Short descriptive text snippets:

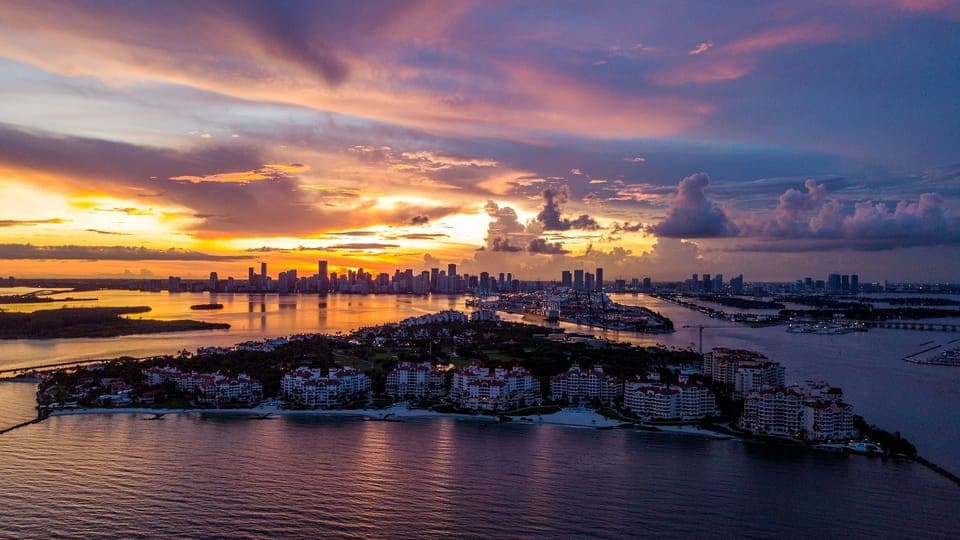 Miami Sunset: Private Luxury Airplane Tour Gallery Image 3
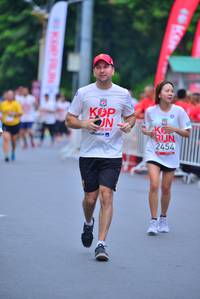 BIB: 2454
                            <button type="button" onclick="openModal(5994825)" class="btn btn-primary btn-sm float-right btn-popup" data-toggle="modal" data-target=".modal-high-quality">
                        <i class="fas fa-shopping-cart"></i> Add to Cart
                    </button>
                                            <button type="button" onclick="isThisMe(5994825, true)" class="btn btn-success btn-sm float-right btn-popup btn-isme hidden" data-toggle="tooltip" data-placement="bottom" title="นี่คือรูปของคุณใช่ไหม คลิกที่นี่เพื่อเอาเข้าอัลบั้ม">
                        <i class="fas fa-plus"></i> Add to album
                    </button>
                    <button type="button" onclick="isThisMe(5994825, false)" class="btn btn-warning btn-sm float-right btn-popup btn-isnotme hidden">
                        <i class="fas fa-ban"></i> Remove from album
                    </button>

▶ _EXERCISE_: With the pictures removed, return each record above exactly as given.

▶ _ANSWER FOR THE TASK_:
 Miami Sunset: Private Luxury Airplane Tour Gallery Image 3
 BIB: 2454
                            <button type="button" onclick="openModal(5994825)" class="btn btn-primary btn-sm float-right btn-popup" data-toggle="modal" data-target=".modal-high-quality">
                        <i class="fas fa-shopping-cart"></i> Add to Cart
                    </button>
                                            <button type="button" onclick="isThisMe(5994825, true)" class="btn btn-success btn-sm float-right btn-popup btn-isme hidden" data-toggle="tooltip" data-placement="bottom" title="นี่คือรูปของคุณใช่ไหม คลิกที่นี่เพื่อเอาเข้าอัลบั้ม">
                        <i class="fas fa-plus"></i> Add to album
                    </button>
                    <button type="button" onclick="isThisMe(5994825, false)" class="btn btn-warning btn-sm float-right btn-popup btn-isnotme hidden">
                        <i class="fas fa-ban"></i> Remove from album
                    </button>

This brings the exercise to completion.